What is Spark Structured Streaming?

Spark Structured Streaming is a scalable and fault-tolerant stream processing engine built on the Spark SQL engine. Structured Streaming provides fast, scalable, fault-tolerant, end-to-end exactly-once stream processing without the user having to reason about streaming. You can express your streaming computation the same way you would express a batch computation on static data. You can use the Dataset/DataFrame API in Scala, Java, Python or R to express streaming aggregations, event-time windows, stream-to-batch joins, etc. The Spark SQL engine runs it incrementally and continuously, and updates the final result as streaming data continues to arrive.
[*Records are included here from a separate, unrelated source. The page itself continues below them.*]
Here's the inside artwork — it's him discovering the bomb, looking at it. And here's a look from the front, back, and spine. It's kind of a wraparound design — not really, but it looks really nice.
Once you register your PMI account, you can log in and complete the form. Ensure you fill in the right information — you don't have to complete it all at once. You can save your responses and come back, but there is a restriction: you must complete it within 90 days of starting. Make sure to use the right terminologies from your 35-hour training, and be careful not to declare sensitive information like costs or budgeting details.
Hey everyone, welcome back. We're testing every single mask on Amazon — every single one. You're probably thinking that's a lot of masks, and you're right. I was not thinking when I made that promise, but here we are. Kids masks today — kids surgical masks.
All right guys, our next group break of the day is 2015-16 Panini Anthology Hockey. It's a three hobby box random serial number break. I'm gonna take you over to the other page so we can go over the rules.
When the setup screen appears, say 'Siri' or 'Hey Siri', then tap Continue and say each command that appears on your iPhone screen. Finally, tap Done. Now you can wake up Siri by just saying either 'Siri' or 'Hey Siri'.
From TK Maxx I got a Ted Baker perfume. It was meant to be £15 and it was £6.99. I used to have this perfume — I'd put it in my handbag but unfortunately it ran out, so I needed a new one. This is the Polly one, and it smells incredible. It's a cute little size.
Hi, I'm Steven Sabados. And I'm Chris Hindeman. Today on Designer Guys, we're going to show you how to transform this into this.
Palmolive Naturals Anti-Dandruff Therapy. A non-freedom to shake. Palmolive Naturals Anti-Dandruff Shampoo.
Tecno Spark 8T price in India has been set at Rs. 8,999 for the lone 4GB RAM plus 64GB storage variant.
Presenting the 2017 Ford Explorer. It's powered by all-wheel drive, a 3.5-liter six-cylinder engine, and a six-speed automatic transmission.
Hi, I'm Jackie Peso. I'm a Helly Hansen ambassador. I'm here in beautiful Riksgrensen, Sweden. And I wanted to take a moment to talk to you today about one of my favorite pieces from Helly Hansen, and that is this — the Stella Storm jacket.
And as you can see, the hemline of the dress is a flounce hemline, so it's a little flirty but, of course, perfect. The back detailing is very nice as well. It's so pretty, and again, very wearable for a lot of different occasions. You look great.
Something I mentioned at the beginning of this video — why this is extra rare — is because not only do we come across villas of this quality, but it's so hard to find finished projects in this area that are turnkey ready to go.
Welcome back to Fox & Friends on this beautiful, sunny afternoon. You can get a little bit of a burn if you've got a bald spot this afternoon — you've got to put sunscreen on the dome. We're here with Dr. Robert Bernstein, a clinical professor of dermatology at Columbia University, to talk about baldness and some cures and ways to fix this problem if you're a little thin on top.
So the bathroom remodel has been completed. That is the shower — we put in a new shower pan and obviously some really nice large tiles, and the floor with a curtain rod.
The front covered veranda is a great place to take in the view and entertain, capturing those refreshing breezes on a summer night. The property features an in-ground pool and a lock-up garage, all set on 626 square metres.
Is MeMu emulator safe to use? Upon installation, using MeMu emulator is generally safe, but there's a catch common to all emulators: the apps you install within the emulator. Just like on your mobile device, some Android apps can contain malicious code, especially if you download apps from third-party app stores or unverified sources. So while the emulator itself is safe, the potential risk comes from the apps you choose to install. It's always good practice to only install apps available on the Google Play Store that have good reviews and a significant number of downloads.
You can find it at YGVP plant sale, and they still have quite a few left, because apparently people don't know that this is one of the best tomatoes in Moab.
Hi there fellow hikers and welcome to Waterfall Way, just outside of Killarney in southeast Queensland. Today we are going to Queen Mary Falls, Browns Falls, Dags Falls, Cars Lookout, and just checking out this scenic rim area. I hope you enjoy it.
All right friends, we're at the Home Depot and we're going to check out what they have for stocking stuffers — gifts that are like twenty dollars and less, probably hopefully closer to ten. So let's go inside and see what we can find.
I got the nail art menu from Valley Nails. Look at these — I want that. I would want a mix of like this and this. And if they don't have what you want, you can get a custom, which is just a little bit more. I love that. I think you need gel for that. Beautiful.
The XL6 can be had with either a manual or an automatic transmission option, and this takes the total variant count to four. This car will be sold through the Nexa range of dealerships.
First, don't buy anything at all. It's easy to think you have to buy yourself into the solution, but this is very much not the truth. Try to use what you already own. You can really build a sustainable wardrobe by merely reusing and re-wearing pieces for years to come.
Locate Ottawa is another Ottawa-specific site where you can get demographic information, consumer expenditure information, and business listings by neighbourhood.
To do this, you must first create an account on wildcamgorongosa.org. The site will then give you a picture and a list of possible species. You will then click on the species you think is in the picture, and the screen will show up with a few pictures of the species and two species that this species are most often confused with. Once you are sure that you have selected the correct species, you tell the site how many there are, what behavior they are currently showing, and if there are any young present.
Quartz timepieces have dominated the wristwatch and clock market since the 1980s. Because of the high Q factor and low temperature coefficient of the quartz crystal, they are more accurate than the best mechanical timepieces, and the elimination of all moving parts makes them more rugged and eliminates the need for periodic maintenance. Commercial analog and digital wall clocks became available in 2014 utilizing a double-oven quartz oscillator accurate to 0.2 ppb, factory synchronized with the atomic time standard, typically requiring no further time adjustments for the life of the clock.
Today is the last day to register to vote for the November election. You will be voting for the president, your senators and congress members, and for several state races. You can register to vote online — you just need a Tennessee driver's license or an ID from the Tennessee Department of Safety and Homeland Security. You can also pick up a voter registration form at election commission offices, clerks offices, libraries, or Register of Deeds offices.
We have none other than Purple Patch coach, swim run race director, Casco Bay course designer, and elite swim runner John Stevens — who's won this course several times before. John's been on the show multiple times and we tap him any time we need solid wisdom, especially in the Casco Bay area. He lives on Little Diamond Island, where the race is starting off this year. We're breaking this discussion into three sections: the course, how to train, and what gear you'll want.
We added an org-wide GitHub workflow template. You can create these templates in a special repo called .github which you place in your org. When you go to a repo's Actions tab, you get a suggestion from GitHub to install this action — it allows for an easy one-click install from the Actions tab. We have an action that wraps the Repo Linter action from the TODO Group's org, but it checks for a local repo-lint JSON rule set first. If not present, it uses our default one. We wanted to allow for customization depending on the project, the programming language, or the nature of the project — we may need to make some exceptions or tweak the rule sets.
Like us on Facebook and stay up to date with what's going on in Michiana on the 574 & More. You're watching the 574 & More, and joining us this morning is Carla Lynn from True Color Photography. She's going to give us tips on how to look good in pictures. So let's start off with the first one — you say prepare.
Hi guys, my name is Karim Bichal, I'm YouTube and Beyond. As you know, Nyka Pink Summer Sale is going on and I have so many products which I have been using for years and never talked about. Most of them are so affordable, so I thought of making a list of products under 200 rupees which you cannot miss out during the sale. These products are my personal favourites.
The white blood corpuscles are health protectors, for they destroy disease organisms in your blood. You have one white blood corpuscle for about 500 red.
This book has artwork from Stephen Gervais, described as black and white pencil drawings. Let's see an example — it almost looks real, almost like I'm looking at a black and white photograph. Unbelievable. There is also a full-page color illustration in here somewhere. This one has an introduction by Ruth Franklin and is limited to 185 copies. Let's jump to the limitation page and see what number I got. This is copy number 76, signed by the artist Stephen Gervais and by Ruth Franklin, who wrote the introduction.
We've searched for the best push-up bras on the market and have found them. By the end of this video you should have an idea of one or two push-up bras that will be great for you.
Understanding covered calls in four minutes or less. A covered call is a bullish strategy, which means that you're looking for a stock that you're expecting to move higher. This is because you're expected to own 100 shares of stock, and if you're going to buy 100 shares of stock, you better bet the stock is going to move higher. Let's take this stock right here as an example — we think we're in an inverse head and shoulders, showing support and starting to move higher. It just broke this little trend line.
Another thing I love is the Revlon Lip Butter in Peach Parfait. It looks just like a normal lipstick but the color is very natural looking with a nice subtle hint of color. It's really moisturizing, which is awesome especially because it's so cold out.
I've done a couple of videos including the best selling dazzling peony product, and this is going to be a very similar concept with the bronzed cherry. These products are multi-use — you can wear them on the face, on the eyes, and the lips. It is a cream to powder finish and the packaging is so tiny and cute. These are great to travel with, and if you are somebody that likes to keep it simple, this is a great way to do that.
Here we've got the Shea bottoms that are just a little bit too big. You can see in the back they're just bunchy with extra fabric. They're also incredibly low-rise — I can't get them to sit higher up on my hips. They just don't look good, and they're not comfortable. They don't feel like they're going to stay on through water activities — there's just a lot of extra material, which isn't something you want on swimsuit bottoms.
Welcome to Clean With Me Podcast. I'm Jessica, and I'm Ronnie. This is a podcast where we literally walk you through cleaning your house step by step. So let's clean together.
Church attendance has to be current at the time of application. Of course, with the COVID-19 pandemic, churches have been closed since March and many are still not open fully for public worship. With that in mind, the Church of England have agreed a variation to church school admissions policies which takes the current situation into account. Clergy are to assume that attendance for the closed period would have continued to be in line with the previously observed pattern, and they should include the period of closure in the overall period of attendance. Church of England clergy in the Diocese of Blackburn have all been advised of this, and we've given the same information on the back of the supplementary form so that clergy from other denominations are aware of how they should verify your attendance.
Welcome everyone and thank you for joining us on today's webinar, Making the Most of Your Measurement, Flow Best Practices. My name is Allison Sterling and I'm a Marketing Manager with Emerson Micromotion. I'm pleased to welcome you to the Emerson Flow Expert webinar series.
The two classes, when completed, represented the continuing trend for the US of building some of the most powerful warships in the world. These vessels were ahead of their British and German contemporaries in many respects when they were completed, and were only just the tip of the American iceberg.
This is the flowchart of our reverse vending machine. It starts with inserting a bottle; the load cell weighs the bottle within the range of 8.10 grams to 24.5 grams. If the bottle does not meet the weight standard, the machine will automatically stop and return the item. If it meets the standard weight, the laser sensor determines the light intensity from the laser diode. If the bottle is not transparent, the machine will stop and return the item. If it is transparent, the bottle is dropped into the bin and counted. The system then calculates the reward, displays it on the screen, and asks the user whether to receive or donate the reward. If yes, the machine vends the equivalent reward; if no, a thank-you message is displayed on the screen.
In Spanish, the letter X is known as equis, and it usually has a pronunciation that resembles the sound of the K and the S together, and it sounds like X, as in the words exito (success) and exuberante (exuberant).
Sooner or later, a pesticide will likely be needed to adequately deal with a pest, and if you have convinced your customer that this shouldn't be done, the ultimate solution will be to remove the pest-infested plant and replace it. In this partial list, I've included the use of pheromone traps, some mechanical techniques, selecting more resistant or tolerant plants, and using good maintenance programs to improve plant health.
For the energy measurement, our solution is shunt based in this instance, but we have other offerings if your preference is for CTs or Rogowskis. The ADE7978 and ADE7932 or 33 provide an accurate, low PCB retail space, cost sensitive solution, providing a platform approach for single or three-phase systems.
The computation is executed on the same optimized Spark SQL engine.

Note

Kinesis and Kafka client jars are available in Qubole Spark as part of the basic package.

Running Spark Structured Streaming on QDS

You can run Spark Structured Streaming jobs on a Qubole Spark cluster from the Analyze and Notebooks page similar to any other Spark application. You can also run Spark Structured Streaming jobs by using the API. For more information, see Submit a Spark Command.

Note

QDS has a 36-hour time limit on every command run. For streaming applications this limit can be removed. For more information, contact Qubole Support.

Running the Job from the Analyze Page

  1. Navigate to the Analyze page.
  2. Click +Compose.
  3. Select Spark Command from the Command Type drop-down list.
  4. Select the required Spark language from the drop-down list. By default, Scala is selected.
  5. Select Query Statement or Query Path.
  6. Compose the code and click Run to execute.

For more information on composing a Spark command from the Analyze page, see Composing Spark Commands in Different Spark Languages through the UI.

Running the Job from the Notebooks Page

  1. Navigate to the Notebooks page.
  2. Start your Spark cluster.
  3. Compose your paragraphs and click the Run icon for each of these paragraphs in contextual order.

Sample program on the Notebooks page.

You can easily monitor the streaming query progress by viewing the streaming query progress graphs in notebooks. When you start a streaming query in a notebook paragraph, the monitoring graph is displayed in the same paragraph.

Note

Streaming query progress graphs feature is not enabled for all users by default. Create a ticket with Qubole Support to enable this feature on the QDS account.